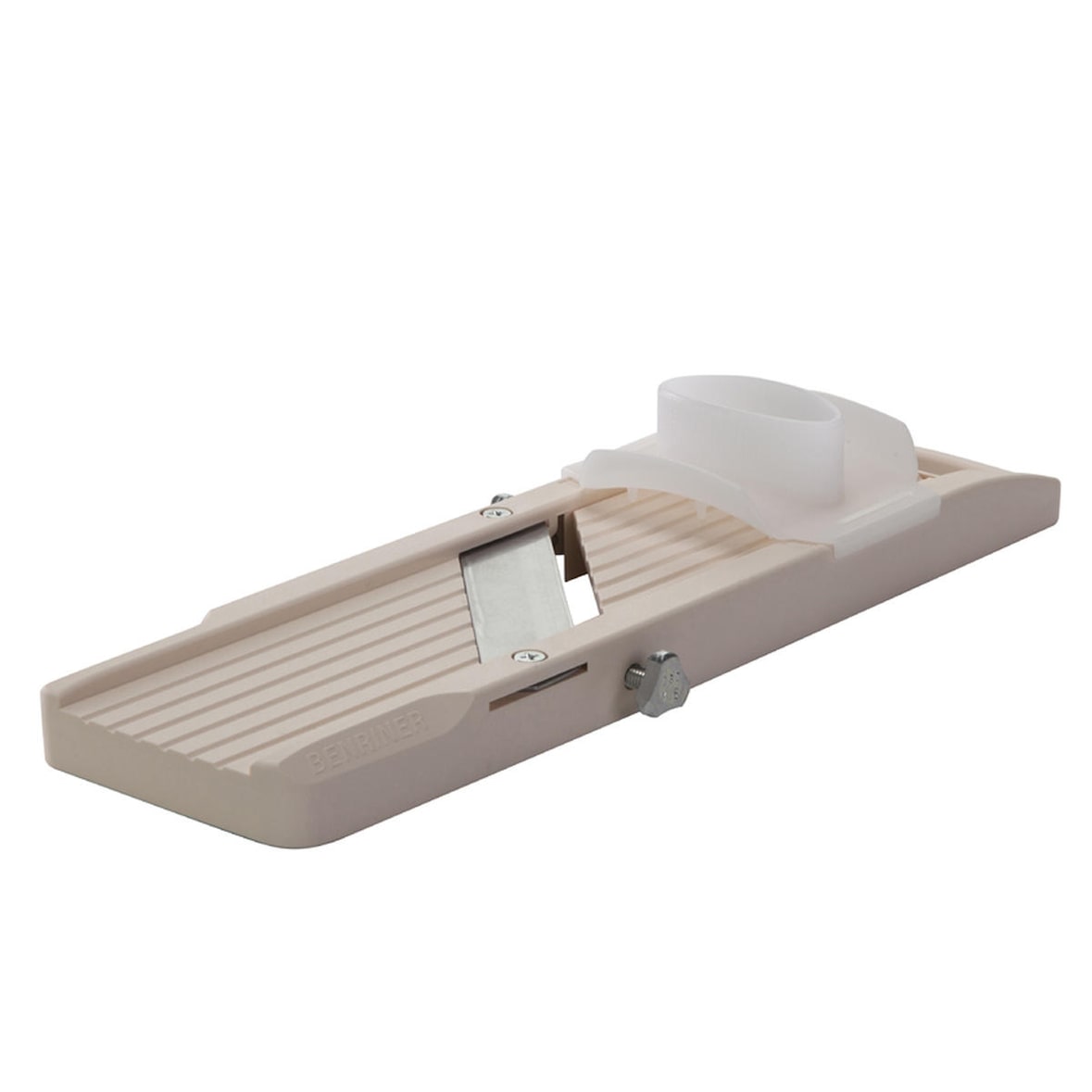 BENRINER Mandoline japonaise inox 65 mm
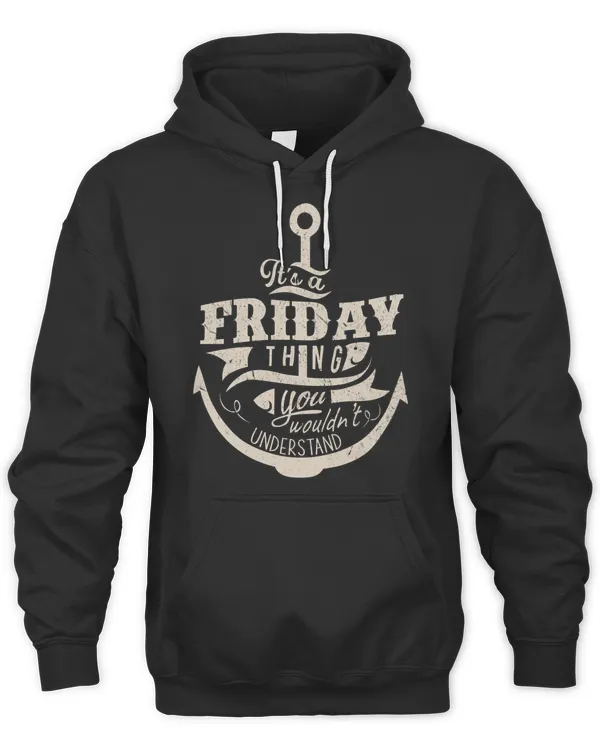 FRIDAY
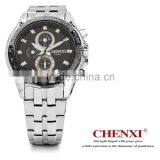 China Famous Brand Stainless Steel Watch Business Men's Watch 034AMS thumbnail-4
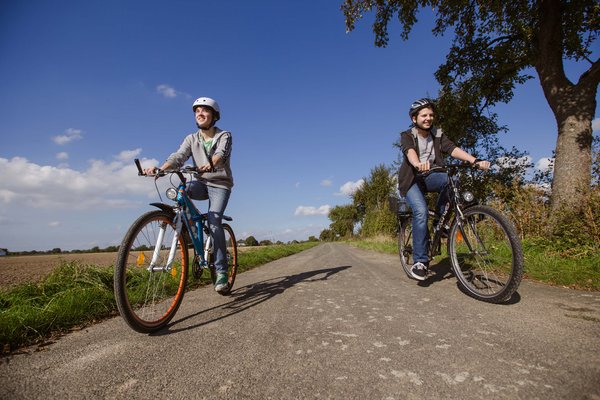 Stadtradeln in elf Kommunen bereits im Mai: Kreis Soest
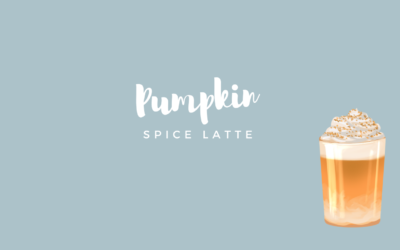 Pumkin Spice Latte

==*==

What this task involves:
Go to the line with "China Famous Brand" in the entries above. Reproduce that line and each one after it to the end, exactly and without the pictures.

Result for this exercise:
 China Famous Brand Stainless Steel Watch Business Men's Watch 034AMS thumbnail-4
 Stadtradeln in elf Kommunen bereits im Mai: Kreis Soest
 Pumkin Spice Latte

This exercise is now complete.